## What is required
Reproduce the entries exactly, but keep the pictures out of the copy.

** Entries provided follows **

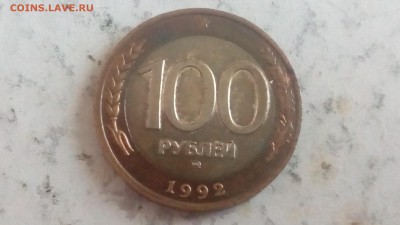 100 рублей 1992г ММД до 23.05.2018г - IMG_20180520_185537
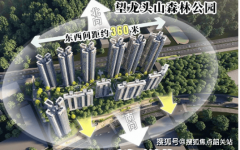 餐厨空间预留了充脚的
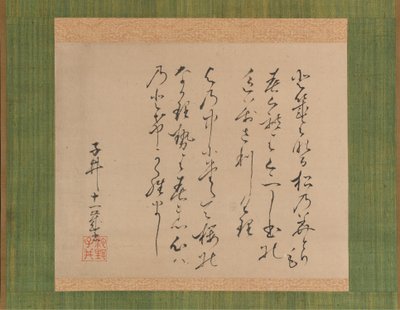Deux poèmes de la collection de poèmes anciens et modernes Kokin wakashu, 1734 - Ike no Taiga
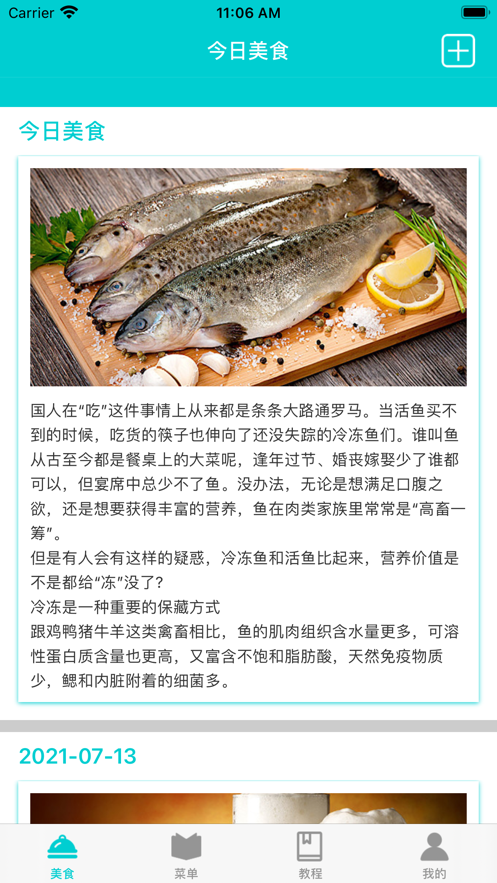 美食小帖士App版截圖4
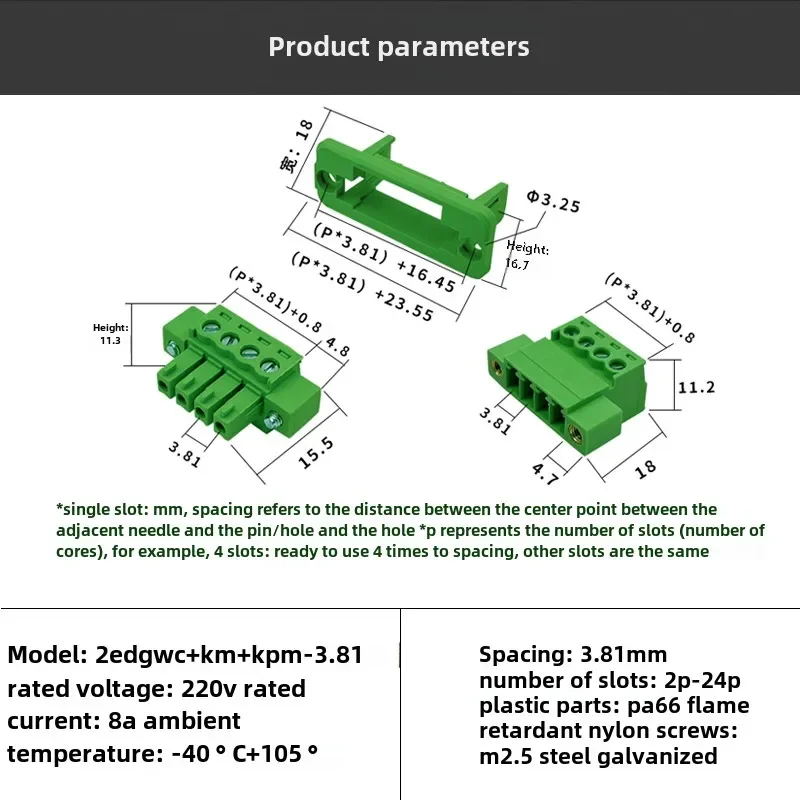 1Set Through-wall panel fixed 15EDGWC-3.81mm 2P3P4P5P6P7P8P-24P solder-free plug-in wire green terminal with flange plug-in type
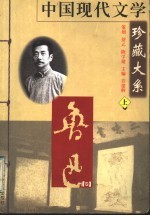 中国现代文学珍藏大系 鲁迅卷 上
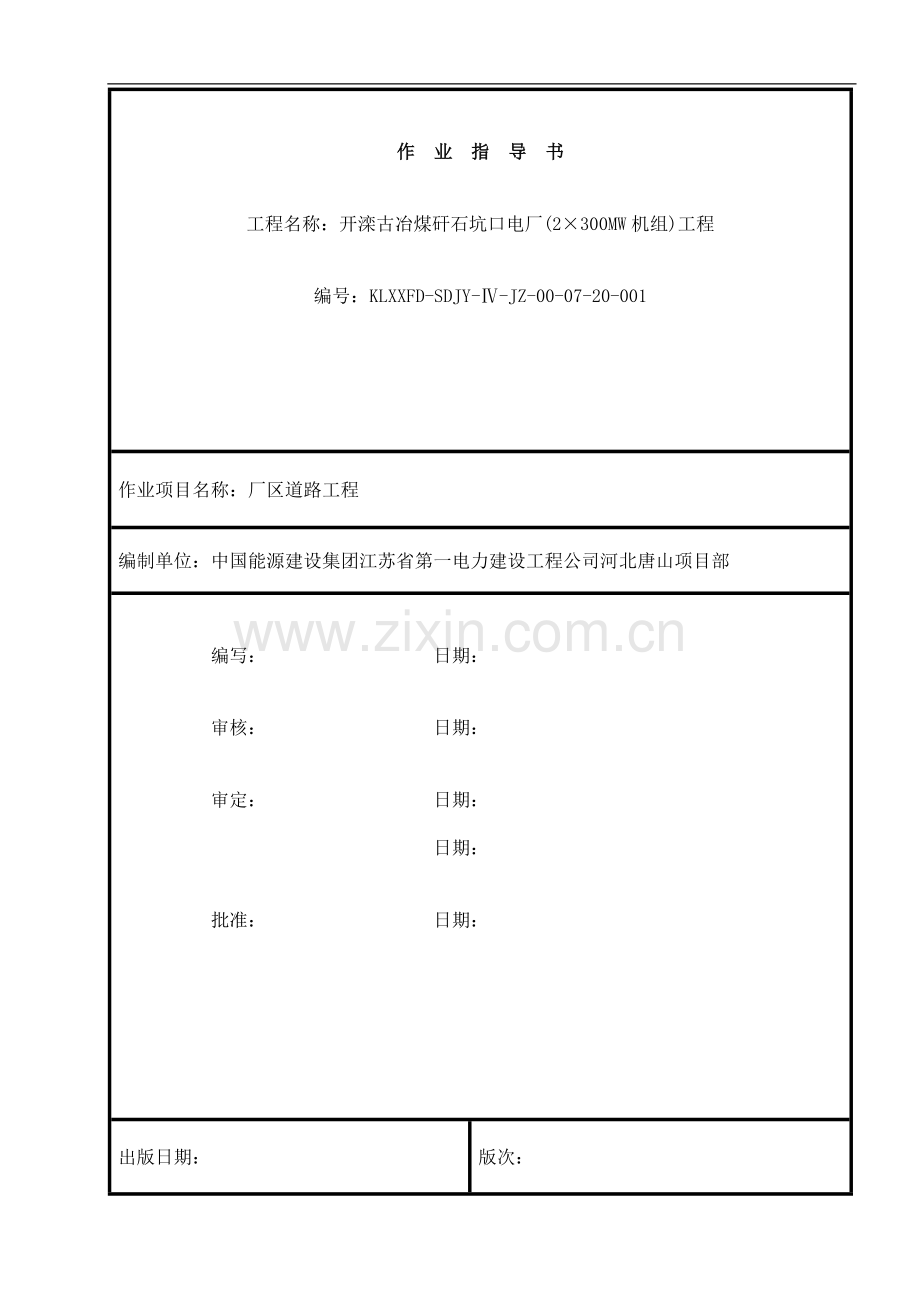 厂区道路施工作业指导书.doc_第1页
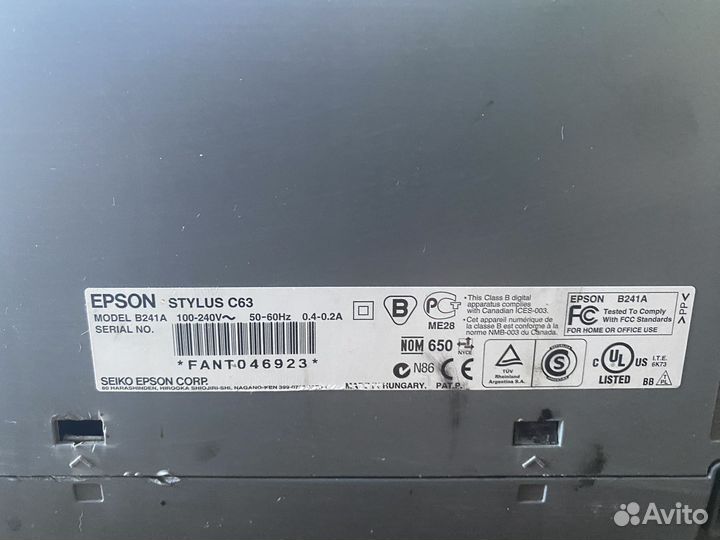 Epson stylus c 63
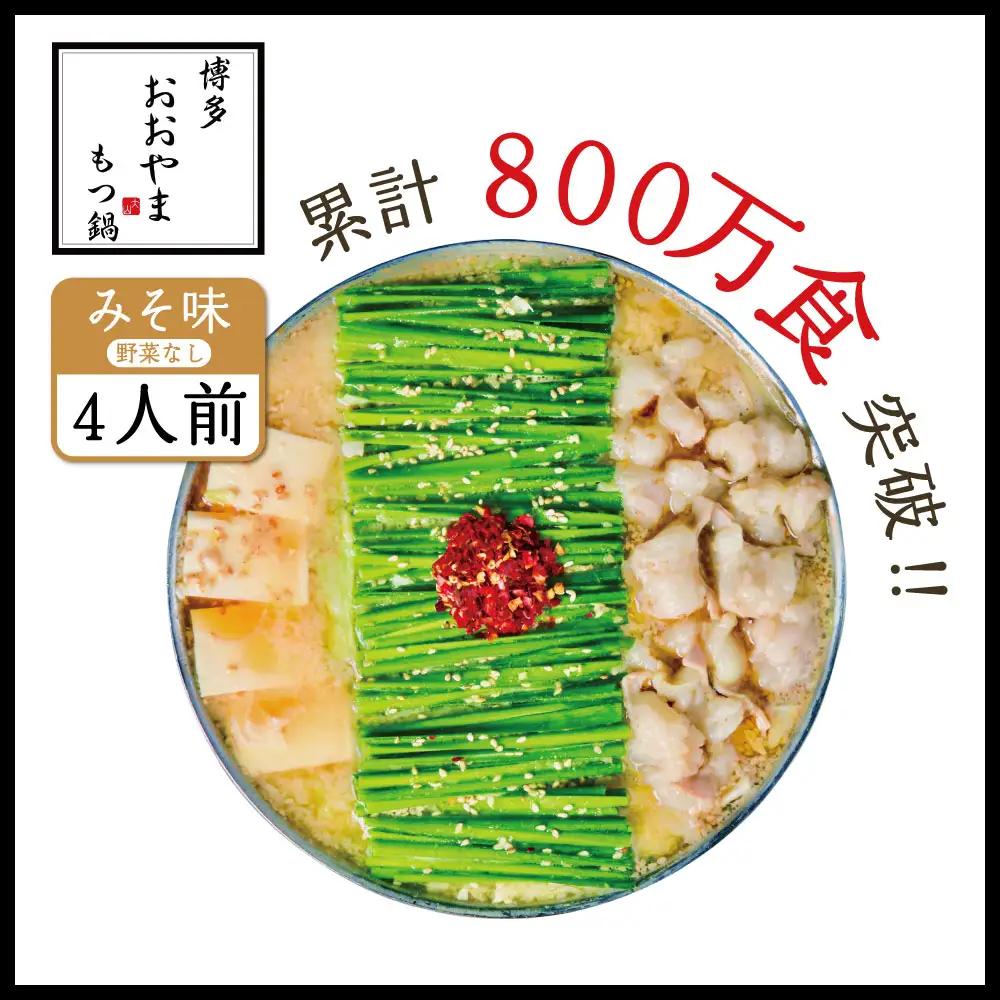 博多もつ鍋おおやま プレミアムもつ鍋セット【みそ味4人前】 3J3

** End of Entries provided **

## Finished task
 100 рублей 1992г ММД до 23.05.2018г - IMG_20180520_185537
 餐厨空间预留了充脚的
Deux poèmes de la collection de poèmes anciens et modernes Kokin wakashu, 1734 - Ike no Taiga
 美食小帖士App版截圖4
 1Set Through-wall panel fixed 15EDGWC-3.81mm 2P3P4P5P6P7P8P-24P solder-free plug-in wire green terminal with flange plug-in type
 中国现代文学珍藏大系 鲁迅卷 上
 厂区道路施工作业指导书.doc_第1页
 Epson stylus c 63
 博多もつ鍋おおやま プレミアムもつ鍋セット【みそ味4人前】 3J3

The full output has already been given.